Auckland gym chain Club Physical has 69 children under 14 registered for training, and 774 teenagers aged 14-19.

Les Mills personal training manager Rob Richards agreed some parents were hiring trainers for "obesity and aesthetic reasons" while others wanted to make the most of their child's athletic ability.

"It's not as common as in the States, but demand is increasing."

Some parents believed if they invested money and effort when a child was young, they would reap financial rewards through professional sporting careers, he said. Think Tiger Woods and the Williams sisters.

But, he said, parents were not necessarily pushing their children. "Kids with a natural talent often want to do it."

Priced at between $40 and $80 a session, a personal trainer is not the the cheapest way for parents to maintain children's fitness levels. But for some, it's a last resort.

North Shore's Sylvestre Gahungu started his 13-year-old daughter with a personal trainer six weeks ago. He hoped regular gym sessions would save her from obesity-related illness, as well as teasing.

"She's been overweight since she was 5," he said. "We've always tried to get her into exercise and put her on diets, but it didn't work."

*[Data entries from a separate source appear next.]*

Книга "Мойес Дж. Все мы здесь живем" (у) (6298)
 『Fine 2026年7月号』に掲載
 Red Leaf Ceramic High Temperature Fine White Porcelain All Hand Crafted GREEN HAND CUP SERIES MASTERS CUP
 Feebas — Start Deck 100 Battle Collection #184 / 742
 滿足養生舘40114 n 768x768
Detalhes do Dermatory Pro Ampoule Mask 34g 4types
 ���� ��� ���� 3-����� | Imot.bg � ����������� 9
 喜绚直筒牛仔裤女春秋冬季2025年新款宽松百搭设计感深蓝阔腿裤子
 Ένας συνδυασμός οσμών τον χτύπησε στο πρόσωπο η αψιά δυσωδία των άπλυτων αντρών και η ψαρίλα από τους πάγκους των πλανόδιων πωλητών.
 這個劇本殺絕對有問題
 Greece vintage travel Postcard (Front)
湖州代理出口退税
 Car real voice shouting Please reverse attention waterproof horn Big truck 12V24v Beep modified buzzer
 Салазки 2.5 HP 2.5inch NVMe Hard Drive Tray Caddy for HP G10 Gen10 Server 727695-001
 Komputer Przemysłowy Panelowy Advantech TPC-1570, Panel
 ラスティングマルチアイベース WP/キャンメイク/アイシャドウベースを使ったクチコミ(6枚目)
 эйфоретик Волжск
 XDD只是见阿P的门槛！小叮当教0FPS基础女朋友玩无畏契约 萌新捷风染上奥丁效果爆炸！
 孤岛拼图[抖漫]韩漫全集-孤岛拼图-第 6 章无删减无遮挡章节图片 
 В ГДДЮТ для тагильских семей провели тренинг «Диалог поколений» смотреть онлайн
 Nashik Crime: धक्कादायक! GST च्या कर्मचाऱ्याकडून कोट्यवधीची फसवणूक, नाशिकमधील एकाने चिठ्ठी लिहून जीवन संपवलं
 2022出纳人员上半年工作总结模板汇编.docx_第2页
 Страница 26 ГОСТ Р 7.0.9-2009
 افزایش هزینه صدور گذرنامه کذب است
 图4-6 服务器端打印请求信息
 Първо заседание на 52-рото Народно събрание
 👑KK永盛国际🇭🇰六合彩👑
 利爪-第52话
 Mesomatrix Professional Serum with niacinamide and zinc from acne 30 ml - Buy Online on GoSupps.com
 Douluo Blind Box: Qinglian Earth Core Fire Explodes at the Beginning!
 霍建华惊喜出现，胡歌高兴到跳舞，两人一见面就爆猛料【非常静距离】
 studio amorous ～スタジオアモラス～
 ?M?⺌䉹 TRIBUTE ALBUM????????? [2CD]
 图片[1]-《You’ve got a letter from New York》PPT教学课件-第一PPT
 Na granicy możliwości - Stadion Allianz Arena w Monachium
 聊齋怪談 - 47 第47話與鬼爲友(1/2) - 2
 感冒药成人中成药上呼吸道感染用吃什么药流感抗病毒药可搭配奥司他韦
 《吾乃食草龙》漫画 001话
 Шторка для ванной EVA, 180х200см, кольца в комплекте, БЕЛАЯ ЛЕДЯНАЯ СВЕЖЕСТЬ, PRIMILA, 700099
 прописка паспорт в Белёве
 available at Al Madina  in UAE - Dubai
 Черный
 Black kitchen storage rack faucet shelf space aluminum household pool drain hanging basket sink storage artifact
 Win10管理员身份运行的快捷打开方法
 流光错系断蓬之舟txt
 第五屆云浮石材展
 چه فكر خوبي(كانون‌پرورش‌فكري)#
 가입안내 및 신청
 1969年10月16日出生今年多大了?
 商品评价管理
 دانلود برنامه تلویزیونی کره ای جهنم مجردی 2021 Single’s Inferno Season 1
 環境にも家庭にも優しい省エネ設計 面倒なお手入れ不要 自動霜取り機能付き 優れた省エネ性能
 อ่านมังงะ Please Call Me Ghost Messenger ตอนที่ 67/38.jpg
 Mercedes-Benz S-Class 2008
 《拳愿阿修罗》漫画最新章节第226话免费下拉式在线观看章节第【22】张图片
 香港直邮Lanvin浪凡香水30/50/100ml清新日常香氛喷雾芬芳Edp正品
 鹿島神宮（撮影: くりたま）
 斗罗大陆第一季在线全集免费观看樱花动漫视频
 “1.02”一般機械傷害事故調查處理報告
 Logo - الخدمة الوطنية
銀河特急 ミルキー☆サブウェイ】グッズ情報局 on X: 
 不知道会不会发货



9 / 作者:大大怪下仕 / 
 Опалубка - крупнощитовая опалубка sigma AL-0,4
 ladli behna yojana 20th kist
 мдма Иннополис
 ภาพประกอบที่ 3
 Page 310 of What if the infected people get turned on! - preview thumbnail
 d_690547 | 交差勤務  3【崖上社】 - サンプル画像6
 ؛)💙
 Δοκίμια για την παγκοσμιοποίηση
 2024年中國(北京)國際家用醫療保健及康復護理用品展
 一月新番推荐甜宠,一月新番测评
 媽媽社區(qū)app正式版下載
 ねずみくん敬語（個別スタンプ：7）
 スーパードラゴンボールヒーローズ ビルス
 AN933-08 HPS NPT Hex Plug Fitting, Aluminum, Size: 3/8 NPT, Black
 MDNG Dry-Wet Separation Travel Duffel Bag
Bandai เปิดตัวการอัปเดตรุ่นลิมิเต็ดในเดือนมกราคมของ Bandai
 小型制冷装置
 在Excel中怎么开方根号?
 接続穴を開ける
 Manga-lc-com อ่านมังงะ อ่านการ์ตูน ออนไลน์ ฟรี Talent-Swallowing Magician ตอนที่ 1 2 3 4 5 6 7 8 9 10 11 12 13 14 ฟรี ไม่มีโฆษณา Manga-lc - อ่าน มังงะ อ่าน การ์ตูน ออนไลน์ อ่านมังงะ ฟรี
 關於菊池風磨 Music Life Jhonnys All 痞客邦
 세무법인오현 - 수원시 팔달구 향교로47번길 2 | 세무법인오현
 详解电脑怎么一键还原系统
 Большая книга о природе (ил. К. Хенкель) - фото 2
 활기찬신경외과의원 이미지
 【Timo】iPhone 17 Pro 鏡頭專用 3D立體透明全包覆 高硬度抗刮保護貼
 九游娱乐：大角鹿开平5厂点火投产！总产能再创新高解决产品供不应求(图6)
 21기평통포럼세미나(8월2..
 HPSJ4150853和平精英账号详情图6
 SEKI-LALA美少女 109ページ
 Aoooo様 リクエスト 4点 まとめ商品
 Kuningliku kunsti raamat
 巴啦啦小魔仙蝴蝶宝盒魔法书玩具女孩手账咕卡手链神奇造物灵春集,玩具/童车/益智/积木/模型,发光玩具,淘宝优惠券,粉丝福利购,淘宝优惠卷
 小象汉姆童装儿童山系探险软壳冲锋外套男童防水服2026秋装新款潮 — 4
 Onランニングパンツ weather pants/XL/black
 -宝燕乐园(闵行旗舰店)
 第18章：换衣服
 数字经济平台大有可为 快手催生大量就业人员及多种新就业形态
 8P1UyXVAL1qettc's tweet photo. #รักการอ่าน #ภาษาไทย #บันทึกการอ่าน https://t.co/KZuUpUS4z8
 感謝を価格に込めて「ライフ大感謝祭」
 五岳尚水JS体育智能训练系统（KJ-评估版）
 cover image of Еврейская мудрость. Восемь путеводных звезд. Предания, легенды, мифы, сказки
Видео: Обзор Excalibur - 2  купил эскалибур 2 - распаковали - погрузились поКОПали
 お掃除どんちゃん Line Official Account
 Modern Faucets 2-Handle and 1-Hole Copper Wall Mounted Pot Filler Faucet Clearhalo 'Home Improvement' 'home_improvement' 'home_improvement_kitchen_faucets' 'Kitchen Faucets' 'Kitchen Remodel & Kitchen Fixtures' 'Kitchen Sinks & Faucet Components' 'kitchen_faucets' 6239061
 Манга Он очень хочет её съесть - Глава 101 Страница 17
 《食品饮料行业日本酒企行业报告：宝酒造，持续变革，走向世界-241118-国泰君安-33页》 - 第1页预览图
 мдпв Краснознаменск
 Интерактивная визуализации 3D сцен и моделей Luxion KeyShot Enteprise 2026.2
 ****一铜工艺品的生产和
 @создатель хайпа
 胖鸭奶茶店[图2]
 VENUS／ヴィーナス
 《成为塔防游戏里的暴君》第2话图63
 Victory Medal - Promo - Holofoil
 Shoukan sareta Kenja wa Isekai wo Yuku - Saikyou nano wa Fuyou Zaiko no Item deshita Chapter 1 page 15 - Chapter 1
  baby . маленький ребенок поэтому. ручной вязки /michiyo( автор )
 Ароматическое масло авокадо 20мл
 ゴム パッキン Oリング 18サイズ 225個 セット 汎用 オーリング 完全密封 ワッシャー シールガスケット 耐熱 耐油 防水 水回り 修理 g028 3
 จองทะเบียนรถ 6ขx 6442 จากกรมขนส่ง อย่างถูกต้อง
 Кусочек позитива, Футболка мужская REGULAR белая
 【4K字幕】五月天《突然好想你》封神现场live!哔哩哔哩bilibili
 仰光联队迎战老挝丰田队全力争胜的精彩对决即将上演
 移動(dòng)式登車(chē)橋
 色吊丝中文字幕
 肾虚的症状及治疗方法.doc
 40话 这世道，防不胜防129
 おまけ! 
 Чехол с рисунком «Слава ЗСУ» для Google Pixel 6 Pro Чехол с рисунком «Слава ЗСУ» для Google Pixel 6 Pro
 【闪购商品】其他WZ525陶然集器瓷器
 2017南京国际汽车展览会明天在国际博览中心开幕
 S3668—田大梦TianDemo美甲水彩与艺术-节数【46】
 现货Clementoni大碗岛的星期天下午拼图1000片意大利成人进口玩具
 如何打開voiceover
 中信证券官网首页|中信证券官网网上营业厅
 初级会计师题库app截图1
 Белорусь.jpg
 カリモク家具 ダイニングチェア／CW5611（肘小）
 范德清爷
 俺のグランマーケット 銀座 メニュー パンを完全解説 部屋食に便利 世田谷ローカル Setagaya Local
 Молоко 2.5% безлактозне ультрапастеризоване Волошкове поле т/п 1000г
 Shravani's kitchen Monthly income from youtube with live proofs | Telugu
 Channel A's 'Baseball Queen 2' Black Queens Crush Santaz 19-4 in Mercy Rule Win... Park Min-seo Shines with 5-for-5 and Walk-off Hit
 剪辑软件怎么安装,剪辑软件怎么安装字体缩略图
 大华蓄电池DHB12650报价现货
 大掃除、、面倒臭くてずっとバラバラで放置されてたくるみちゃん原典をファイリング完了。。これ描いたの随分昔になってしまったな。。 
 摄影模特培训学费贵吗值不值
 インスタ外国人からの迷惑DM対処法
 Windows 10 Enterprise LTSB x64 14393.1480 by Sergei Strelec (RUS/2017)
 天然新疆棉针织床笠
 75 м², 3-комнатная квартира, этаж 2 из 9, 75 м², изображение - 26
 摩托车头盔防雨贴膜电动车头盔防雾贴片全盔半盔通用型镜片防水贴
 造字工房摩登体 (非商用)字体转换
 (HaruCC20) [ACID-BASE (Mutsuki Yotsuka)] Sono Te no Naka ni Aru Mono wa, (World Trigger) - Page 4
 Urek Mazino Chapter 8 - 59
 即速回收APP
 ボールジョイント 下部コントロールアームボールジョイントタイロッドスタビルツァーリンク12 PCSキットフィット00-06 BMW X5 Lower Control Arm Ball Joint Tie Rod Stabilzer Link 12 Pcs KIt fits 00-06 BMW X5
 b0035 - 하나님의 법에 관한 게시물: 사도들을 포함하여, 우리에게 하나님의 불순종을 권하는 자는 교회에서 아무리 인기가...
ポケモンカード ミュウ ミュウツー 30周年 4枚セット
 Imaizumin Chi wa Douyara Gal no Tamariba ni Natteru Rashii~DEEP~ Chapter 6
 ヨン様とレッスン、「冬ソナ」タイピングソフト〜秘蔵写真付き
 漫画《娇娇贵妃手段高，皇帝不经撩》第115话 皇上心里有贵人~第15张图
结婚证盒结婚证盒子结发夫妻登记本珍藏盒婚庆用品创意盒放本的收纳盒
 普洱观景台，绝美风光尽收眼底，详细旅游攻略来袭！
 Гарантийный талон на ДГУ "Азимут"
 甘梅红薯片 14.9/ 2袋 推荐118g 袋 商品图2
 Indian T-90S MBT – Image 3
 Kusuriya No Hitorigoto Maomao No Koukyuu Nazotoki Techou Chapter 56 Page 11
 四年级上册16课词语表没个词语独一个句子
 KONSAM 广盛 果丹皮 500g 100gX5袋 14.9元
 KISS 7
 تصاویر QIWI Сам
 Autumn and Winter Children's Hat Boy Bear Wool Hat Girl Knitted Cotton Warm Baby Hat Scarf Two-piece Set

The girl's doctor said she was at high risk of developing diabetes unless she lost weight.

"We thought maybe the gym, and a trainer, could work as a motivator," Gahungu said.

"It's quite expensive but we look at what we can do that is best for her and so we are prepared to make some sacrifices." His daughter had lost 4kg since starting with her trainer. She attends the gym, with her mother, six days a week.

Brahm Richards is a 10-year-old fitness freak - perhaps unsurprisingly, because his parents own a gym. He's in two representative level soccer teams, plays tennis and takes karate, judo, wrestling and swimming lessons.

The Auckland schoolboy recently added time with a personal trainer to his after-school activity list.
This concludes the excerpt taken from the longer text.